In 1964, he moved to a new label and released “I’m a Lonely Stranger”. When Otis Redding heard this, he asked Conley to record a new version, which was released on Redding’s own fledgling label Jotis Records, as only its second release. That was in 1967. Together they rewrote the Sam Cooke song “Yeah Man” into “Sweet Soul Music”, which, at Redding’s insistence, was released on the Atco-distributed label Fame Records, and was recorded at FAME studios in Muscle Shoals, Alabama. It proved to be a massive hit, as it shot to the number two spot on both the pop and R&B charts in the USA and Western Europe, earning Conley the number eleven male artist ranking for 1967. The song paid homage to other soul singers like Lou Rawls, Wilson Pickett and James Brown.

After several years of hits singles in the early 1970s, he relocated to England in 1975, and spent several years in Belgium, finally settling in Amsterdam (Netherlands) in spring 1977.

Arthur Conley was gay, and several music writers have said that his homosexuality was a bar to greater success in the United States and one of the reasons behind his move to Europe and his eventual name change. In 2014, rock historian Ed Ward wrote, “Conley headed to Amsterdam and changed his name to Lee Roberts.

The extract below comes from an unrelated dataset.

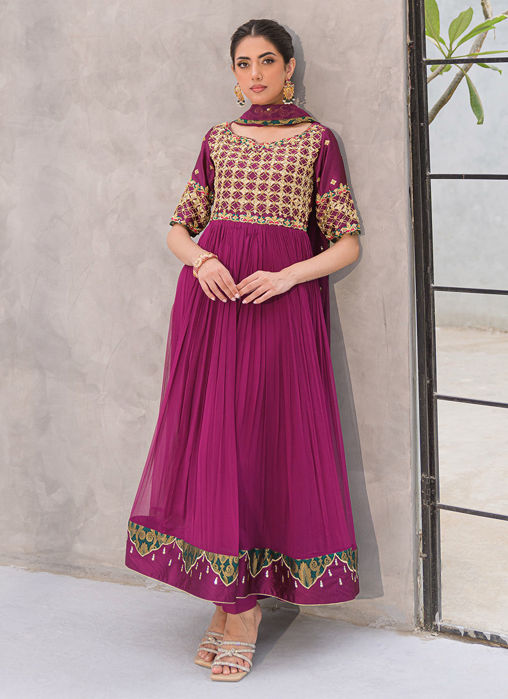 Picture of Shahrbano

Nobody knew ‘Lee Roberts,’ and at last Conley was able to live in peace with a secret he had hidden–or thought he had–for his entire career: he was gay. But famously, nobody in Holland cared about that.

At the beginning of 1980 he had some major performances as Lee Roberts and the Sweaters in the Ganzenhoef, Paradiso, De Melkweg and the Concertgebouw, and was highly successful. At the end of 1980 he moved to the Dutch village of Ruurlo legally changing his name to Lee Roberts—his middle name and his mother’s maiden name. A live performance on January 8, 1980, featuring Lee Roberts & the Sweaters, was released as an album entitled Soulin’ in 1988. In the years after he promoted new music via his Art-Con Productions company. Amongst the bands he promoted was the heavy metal band Shockwave from The Hague.

He died in the village of Ruurlo, after a long battle with intestinal cancer on November 17, 2003 at age 57.